| Aim of the task |
Leave the pictures out and return every line below exactly.

Segment Start: Entries provided

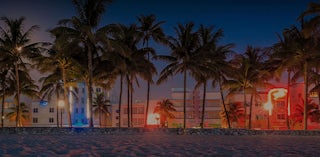 Una playa en Miami.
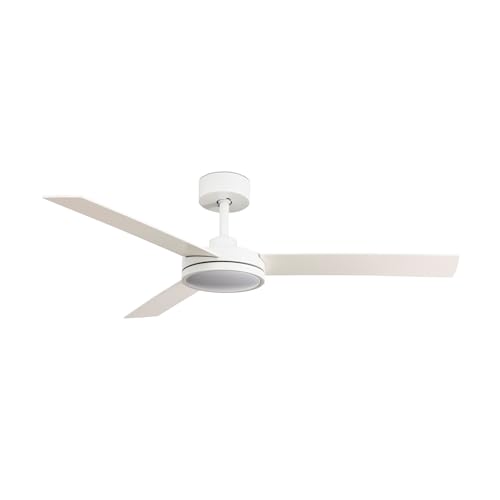 Faro BARTH Weißer Deckenventilator mit LED-Licht von FARO BARCELONA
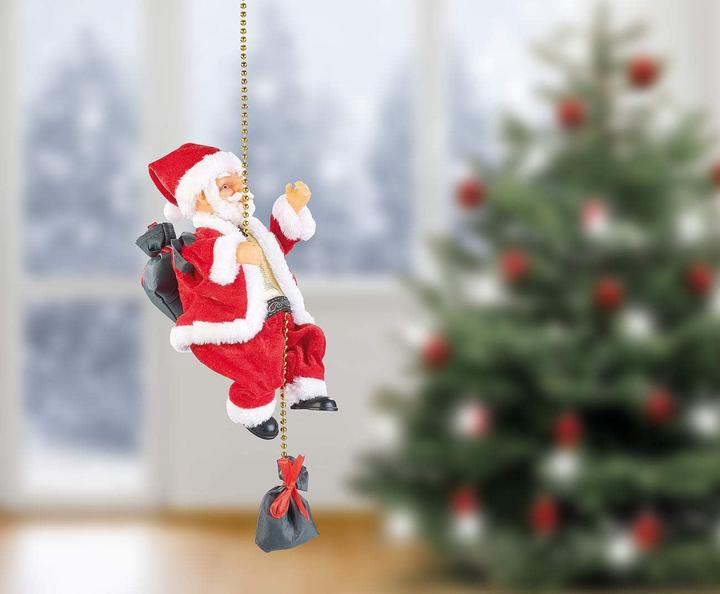 Immagine prodotto Infactory Set di 2 Babbi Natale arrampicati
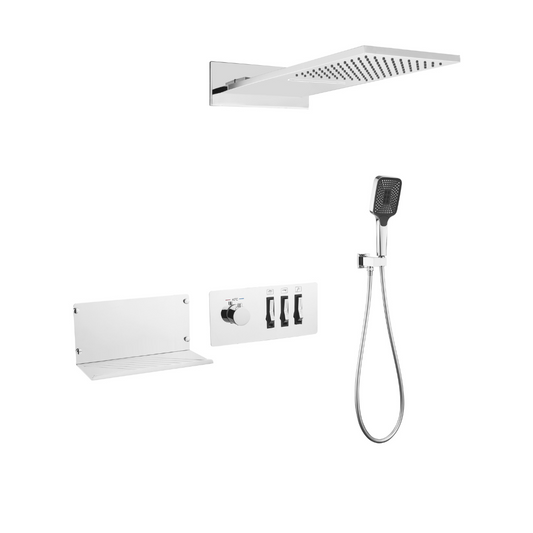 Thermostatische Inbouw Regendoucheset - Toronto - Chroom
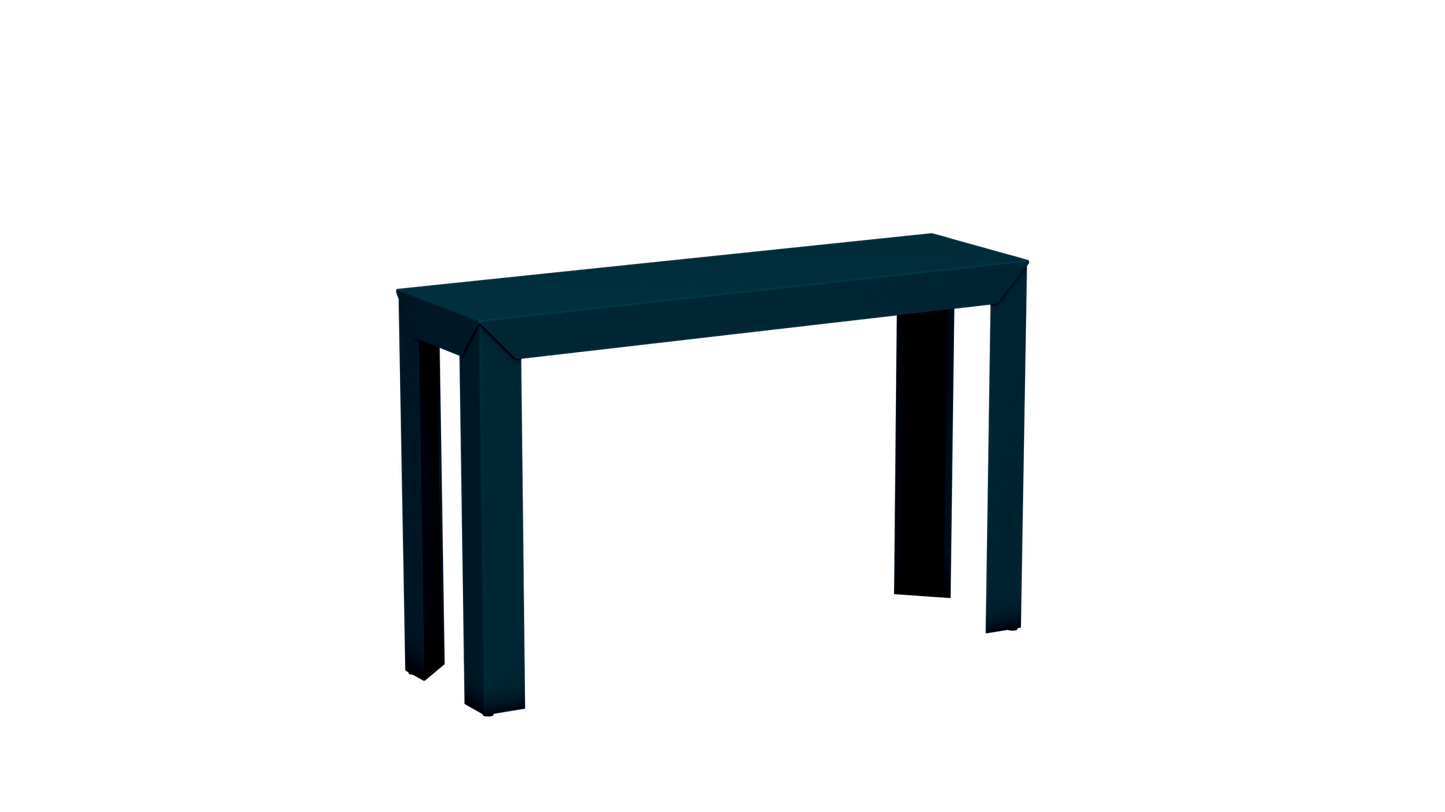Console rectangulaire en aluminium 120cm Zef - MATIERE GRISE - La Maison MilanaiseCanard 115Droits
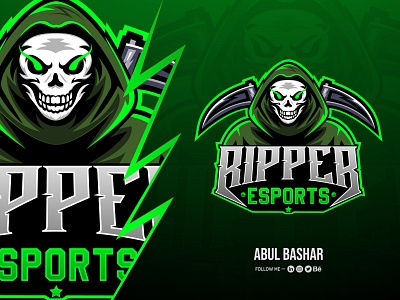 E-sports logo Designs basketball logo branding design esports logo gaming logo gming logo illustration logo mascot logo ripper logo ui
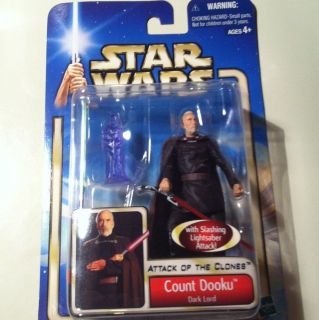STAR WARS ATTACK OF THE CLONES COUNT DOOKU DARK LORD WITH LIGHTSABER 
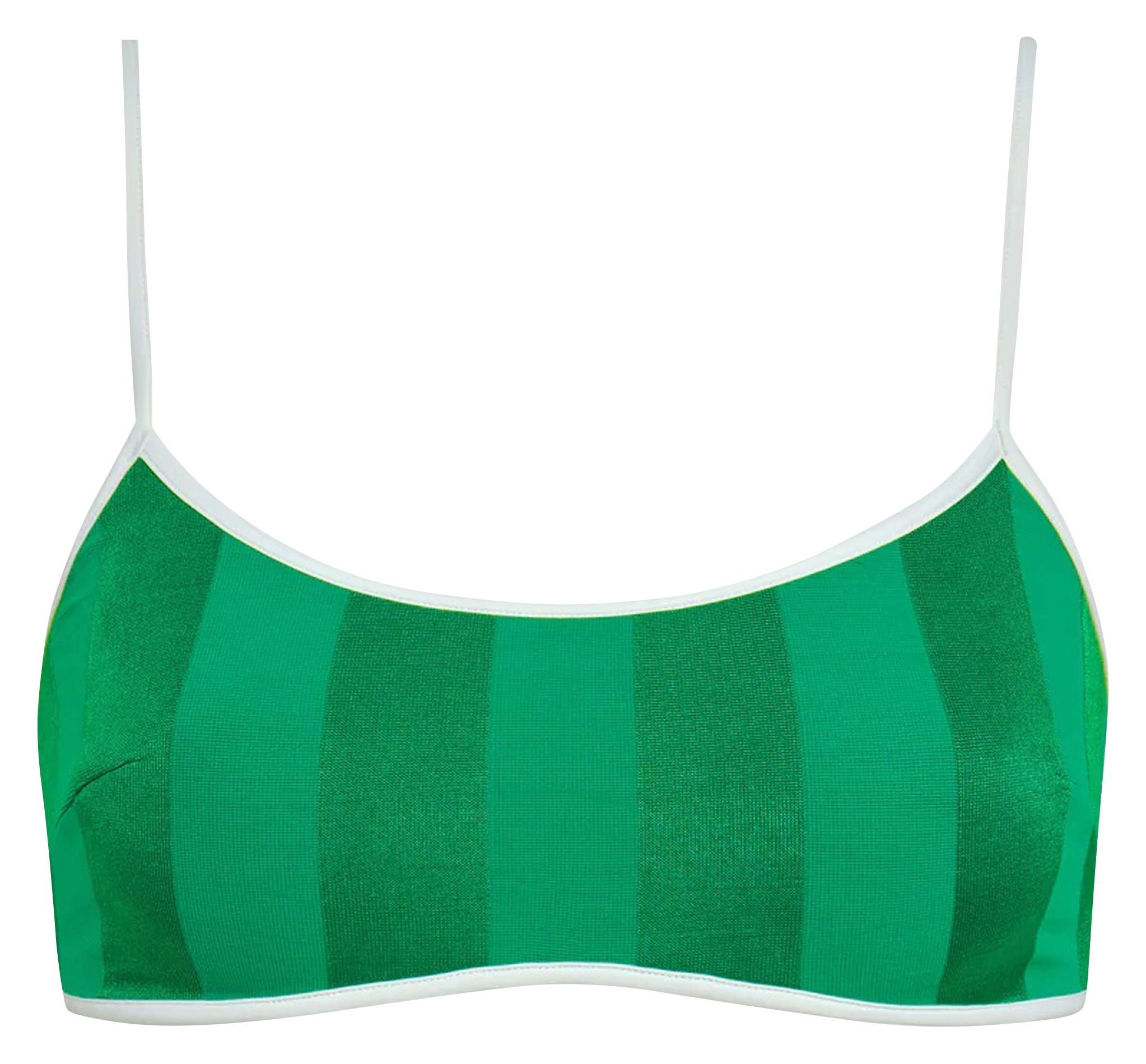 Haut de maille rayé ALBERTINE Vert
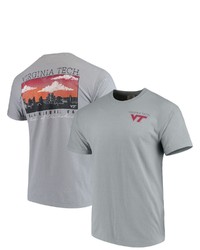 IMAGE ONE Gray Virginia Tech Hokies Team Comfort Colors Campus Scenery T Shirt At Nordstrom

Segment End: Entries provided

| Answer box |
 Una playa en Miami.
 Faro BARTH Weißer Deckenventilator mit LED-Licht von FARO BARCELONA
 Immagine prodotto Infactory Set di 2 Babbi Natale arrampicati
 Thermostatische Inbouw Regendoucheset - Toronto - Chroom
Console rectangulaire en aluminium 120cm Zef - MATIERE GRISE - La Maison MilanaiseCanard 115Droits
 E-sports logo Designs basketball logo branding design esports logo gaming logo gming logo illustration logo mascot logo ripper logo ui
STAR WARS ATTACK OF THE CLONES COUNT DOOKU DARK LORD WITH LIGHTSABER 
 Haut de maille rayé ALBERTINE Vert
 IMAGE ONE Gray Virginia Tech Hokies Team Comfort Colors Campus Scenery T Shirt At Nordstrom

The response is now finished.